The Japanese government decided that by the end of 2025 they want 50 locations with autonomous busses on the road, and by 2027 they want 100 locations with autonomous busses on the road.
Our response time as humans to things that are happening on the road is 300 milliseconds. The response time of our system is less than 100 milliseconds.
In order or the bus to drive autonomously on a public road we needed to pass the NCAP testing regulations for busses. We needed to take it for a test drive and pass with a score of 100 with no faults over some 90 test scenarios in which the bus is driving at speeds of 30-60 kph. There are all kinds of tests. Whether it’s vehicles or pedestrians jumping out in front of the bus, we need to prove that our systems is much better than human drivers.
The bus needs to be able to adapt itself to what’s happening. There are many scenarios and only after you prove that your system can respond correctly and autonomously to all these scenarios will they let you drive autonomously on the public roads.
Our response time as humans to things that are happening on the road is 300 milliseconds. The response time of our system is less than 100 milliseconds, so we can respond three times faster to events that are happening on the road. When people understand that autonomous vehicles are safer than a human, I think the change will happen.
What are some barriers facing autonomous driving now?
In the last decade we have all heard of big projects and associated promises about autonomous driving. The barrier isn’t regulation, because regulation adapts itself eventually, the barrier is actually computing.
Within the last two years all new systems are now AI-based, because you need an extensive, huge amount of data to process in real time in order for the vehicles to drive safely on the road. In order to process all the data, you need a very hefty computing platform that can carry that load and be installed within a vehicle. It’s not cloud computing, it’s edge computing. Everything needs to be installed in a vehicle – but that computing capability wasn’t there.
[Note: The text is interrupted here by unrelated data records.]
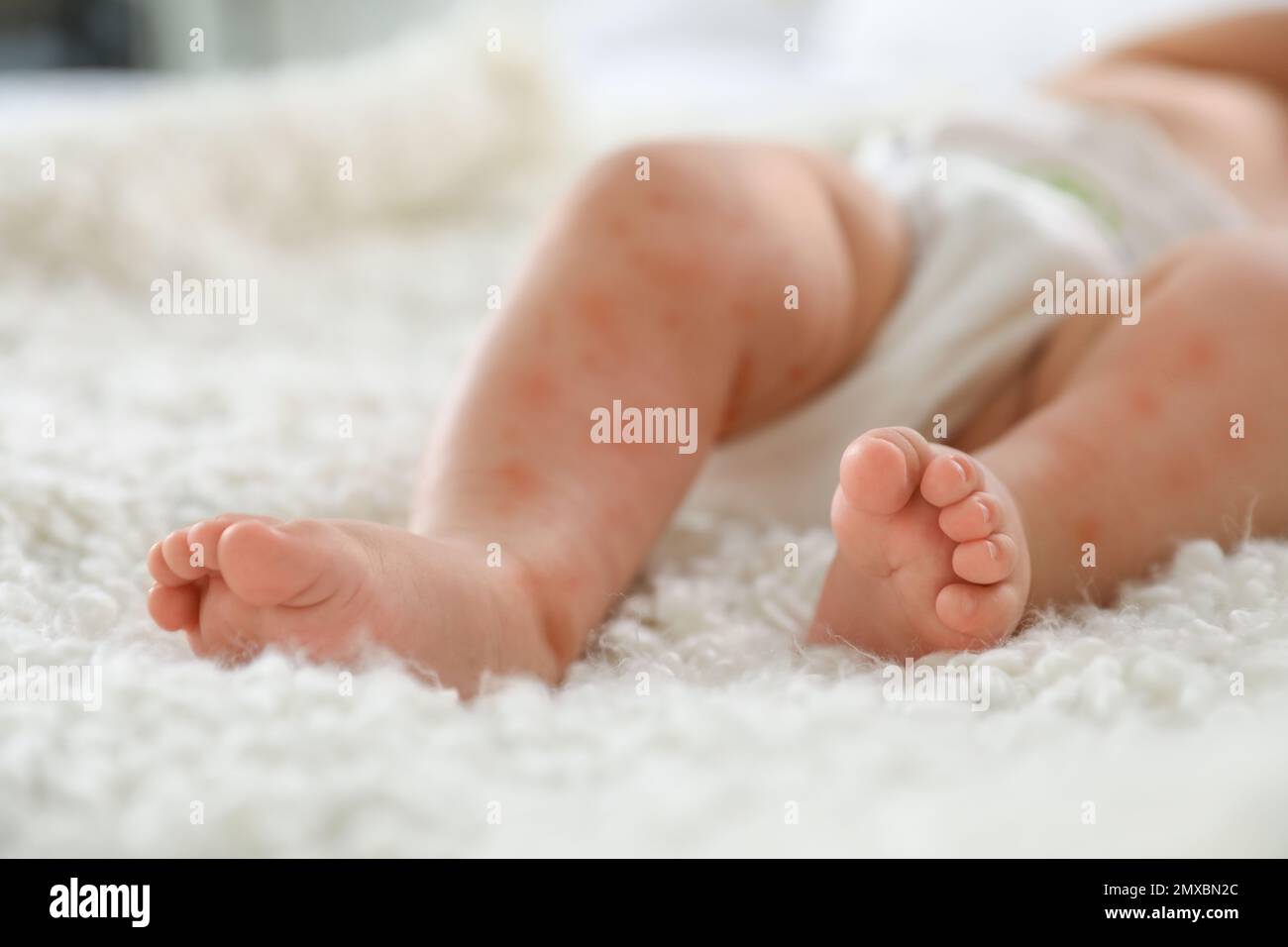 Little child with red rash on bed, closeup. Baby allergies Stock Photo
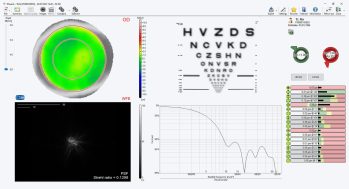 Schwind peramis screenshot visual quality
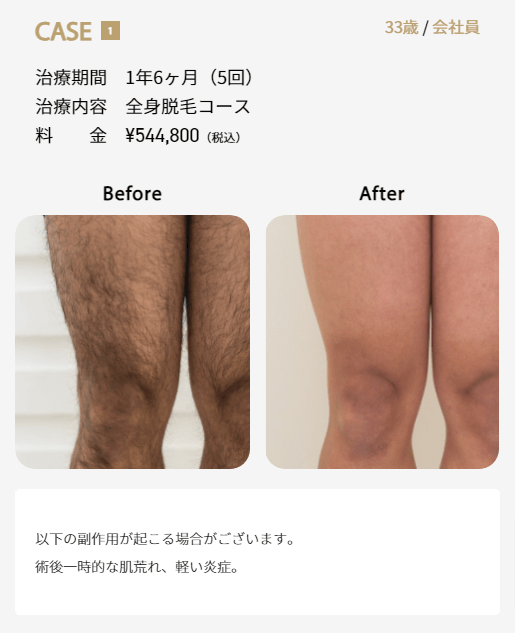 ゴリラクリニックで全身脱毛を5回施術した症例画像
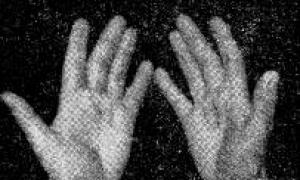 Лікуємо синдром клацаючого пальця в домашніх умовах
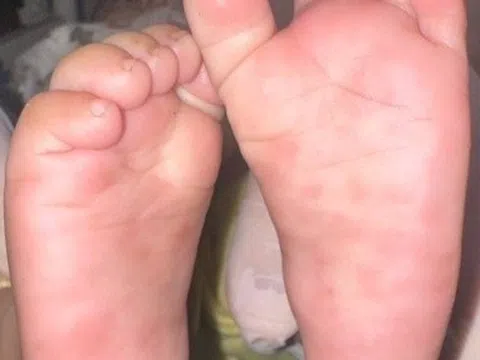 Bé 4 tháng tuổi mắc giang mai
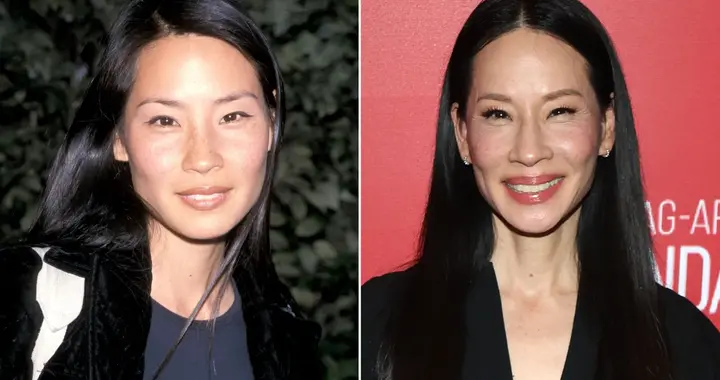 知名女星被误诊癌症挨一刀，结果发现是良性组织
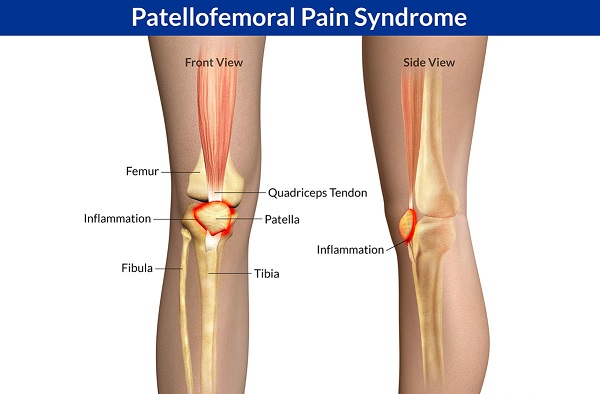 akutna bol s unutarnje strane koljena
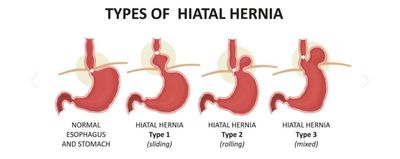 Diferentes tipos de hernia hiatal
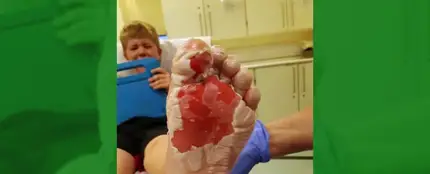 Un niño pisa unas brasas enterradas bajo la arena de la playa Un niño pisa unas brasas enterradas bajo la arena de la playa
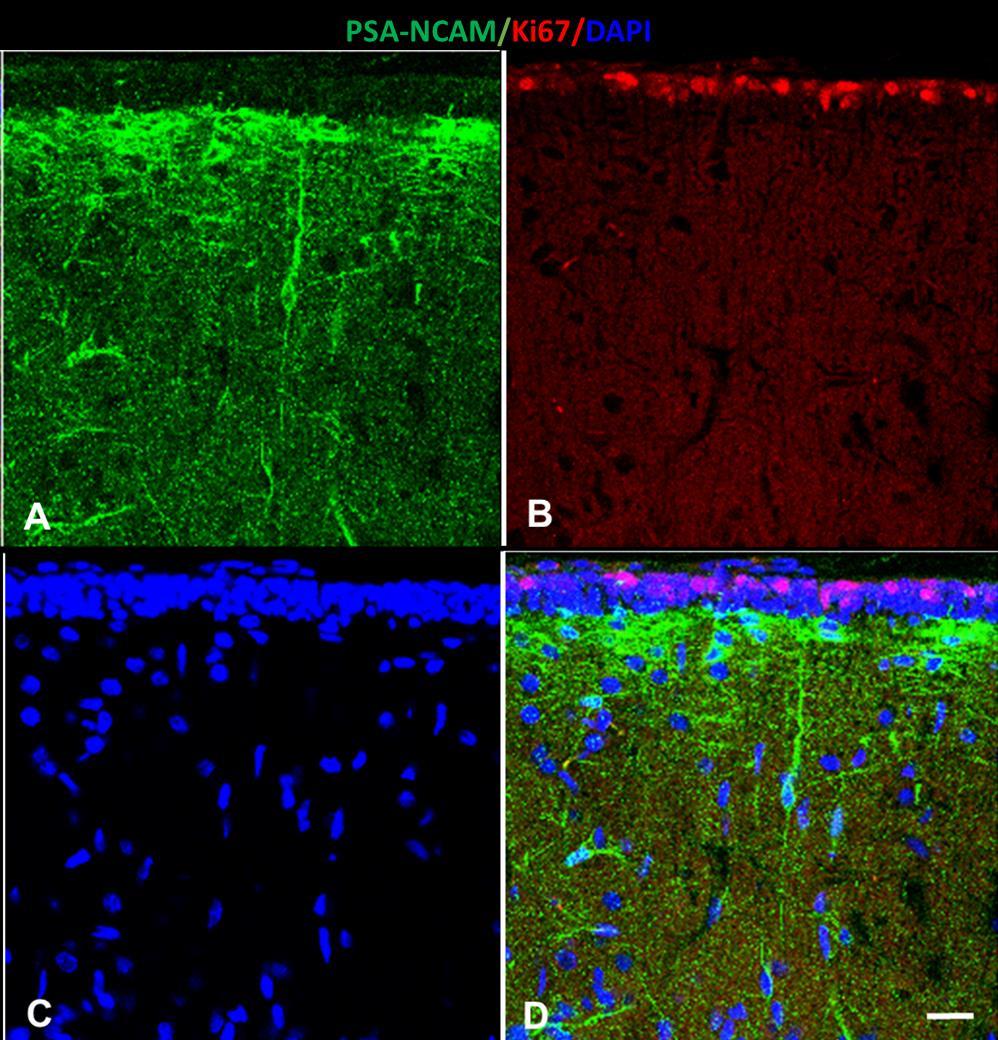 5.4. Фенотип на новообразуваните клетки в малкия мозък във възрастов аспект При анализ на имунофлуорецентните оцветявяния на пробите от малък мозък на новородени животни, маркирани с комбинация от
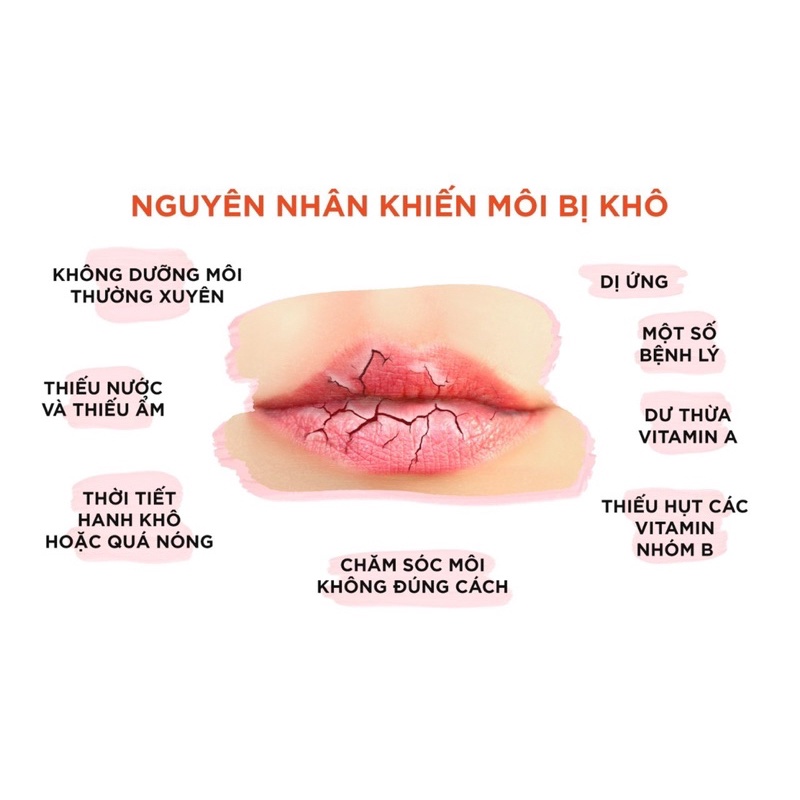 son dưỡng MỀM+ ThÂM môi DHC lip cream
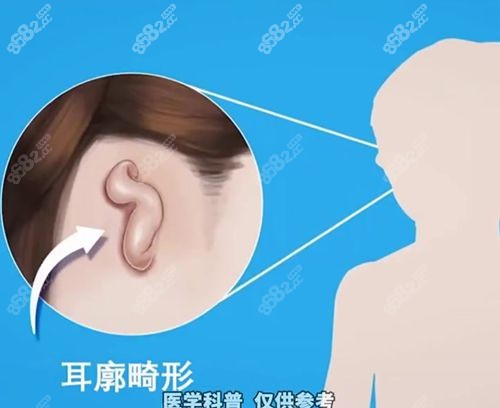 师俊莉做小耳再造成效好,师承郭树忠技术扎实费用不高5万起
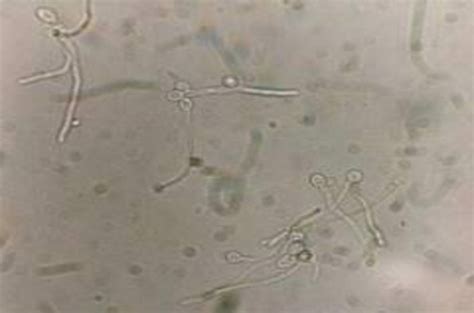 Figure 1 From Comparison Of Germ Tube Production By Candida Albicans In Various Media Semantic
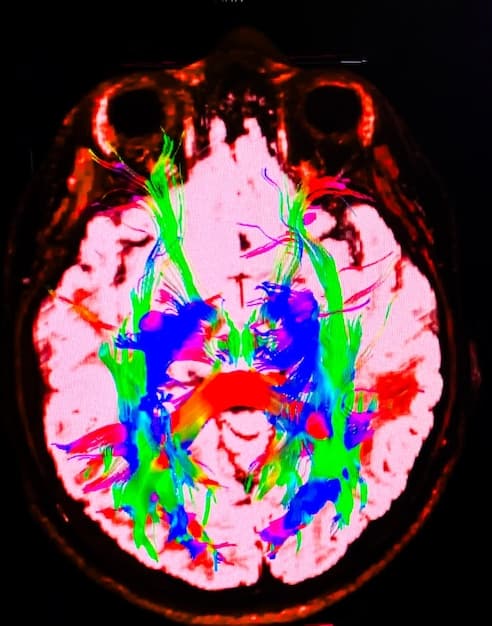 A brain scan image showing activity levels during sleep, highlighting the areas responsible for mood regulation and cognitive function. The image should be colorful and visually engaging.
Most of the coverage that you see on the news and platforms like LinkedIn is about robotaxis. Robotaxis are not the product that will take the mass market. For example, with Waymo [Alphabet/Google], the hardware that they put on the vehicle is costing around $100,000. You cannot take that hardware and software stack that costs over $100,000 and install it in a vehicle that costs €35,000, there simply isn’t a product market fit for that. In a robotaxi you can, because they drive 14 hours a day on the road and it’s a different business model; when you pull out a driver, which is 95% of the cost, you can justify a return on investment in two years.
There are around 15 robotaxi companies, but none of that technology is going to get to passenger vehicles because it doesn’t fit that market.
At the moment we have Tesla, Mercedes S Class, and BMW Seven Series; that’s it, that’s the three vehicles that are approved for level three autonomy on the road. BMW and Mercedes are only highway, so really only Tesla at the moment.
What do you see the future holding for commercial autonomous driving?
My prediction is that by 2030 many of us won’t drive our vehicles. I think it will start with the younger generations and we see it with the busses. The young generations are jumping into the bus and immediately take out their phone to take videos. The elderly are hesitating.
It’s always about the early adopters and what follows; by 2030 there will be a double-digit ratio of acceptance in terms of percentage of drivers that will use autonomous driving capabilities.